Almoçarada nas Amendoeiras com a família materna
onde estão todos os personagens desta "estória"
(...)
"Lembro-me
como se fosse hoje daquele sôcho enorme coberto de piornos e xaras que fazia de
cozinha e de sala de jantar onde comíamos castanhas secas cozidas em leite de
cabra, uma perfeita delícia. E do outro sôcho mais pequeno onde dormíamos. Felicidade
das felicidades, o meu tio e primos espanhóis tinham uma panóplia de animais
amestrados que vinham comer à nossa mão e faziam parte da família! Uma cegonha
que se chamava Adriana. Um corvo que se chamava Vicente. Um mocho que se
chamava Carrilho. Não sei quantos gatos e cães. Rolas bravas. Cabras e cabritos.
Era um paraíso para mim, tudo aquilo.
E
foi quando me preparava para regressar a casa no fim de umas dessas férias que
o meu tio Joaquin - que Deus o tenha - por ver que eu tinha tanto afeto à bicharada, foi
buscar uma rolita nova que ainda quase nem voava e me a ofereceu dizendo:
- Toma! Lheva-la contigo e toma-te cuenta della...
Louco
de felicidade agarrei a rolita e apertei-a contra o peito dando pulos de
alegria. Em seguida fui ter com o meu primo Raimundo que tinha lá ido buscar-me
para me acompanhar no regresso a casa e mostrei-lhe o presente adorado exclamando
no meu "portunhol":
- Mira, mira, la rolita que tu padre me dió, qué bonita...
Qual
não foi o meu espanto quando de repente a cabeça da rola tombou inerte. Estava morta.
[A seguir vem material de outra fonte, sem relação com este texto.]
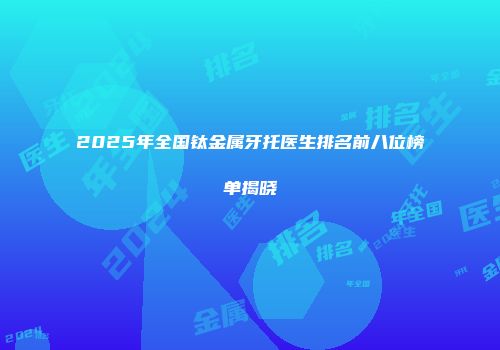 2025年全国钛金属牙托医生排名前八位榜单揭晓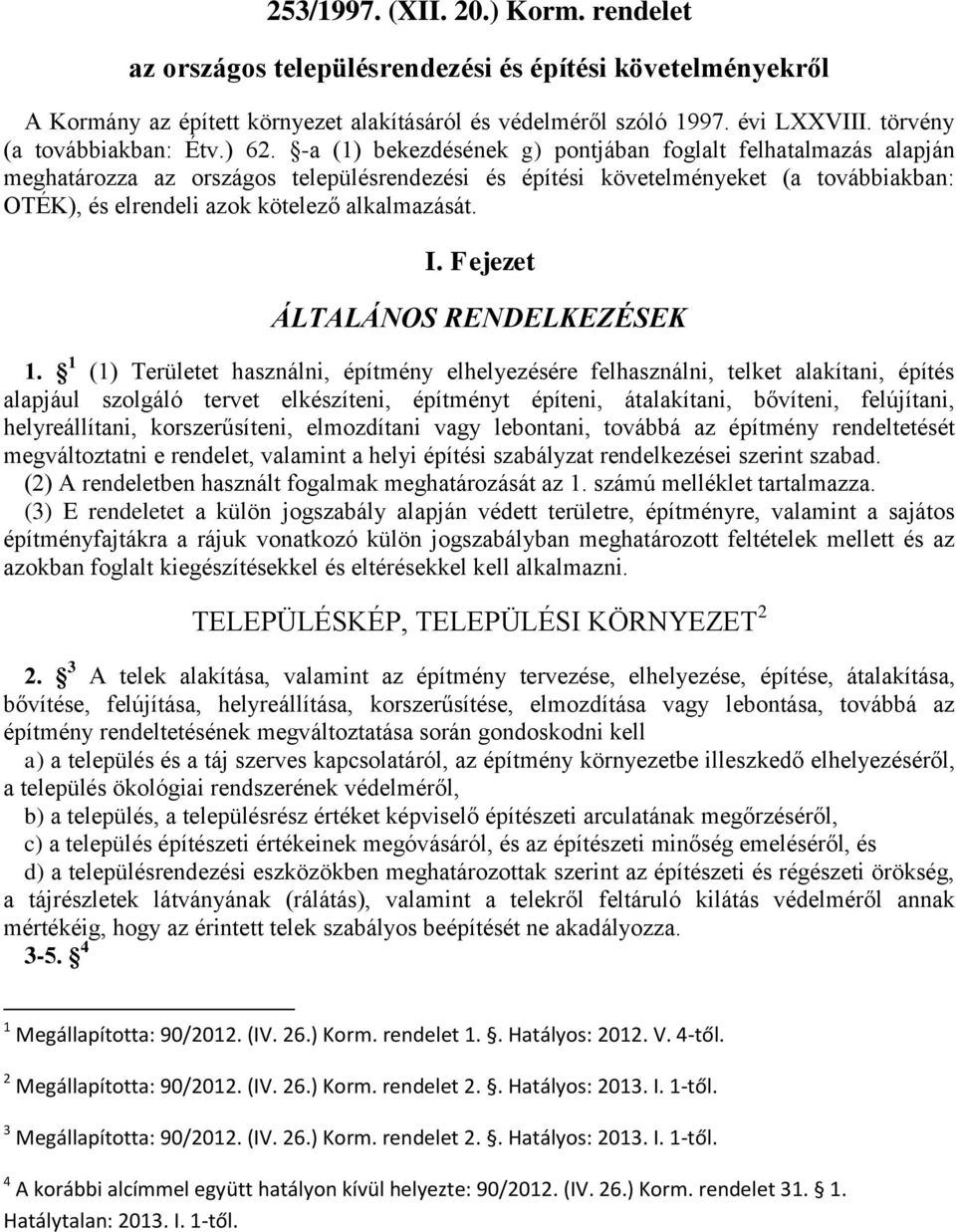 -a (1) bekezdésének g) pontjában foglalt felhatalmazás alapján meghatározza az országos településrendezési és építési követelményeket (a továbbiakban: OTÉK), és elrendeli azok kötelező alkalmazását.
De
tanta alegria e felicidade que senti, apertei com tanto carinho e tanta força a pobre
ave que a sufoquei. Escusado seria dizer-vos que passei todo o caminho das Gagas até às
Amendoeiras a chorar desconsolado enquanto o Raimundo ria a bandeiras
despregadas e repetia olhando-me divertidíssimo:
-
Oooohhh! Mira, mira, la rolita tan bonita…
E
ria como um desalmado. Ainda este ano em Agosto veio de novo visitar-me como faz regularmente todos os anos há décadas e voltou a falar disso com
o riso do costume:
- Pobrecita la rolita Rosémanué...
É caso para dizer como diz o ditado:
Tanto
bem quer o diabo à mãe, que lhe tira os olhos!"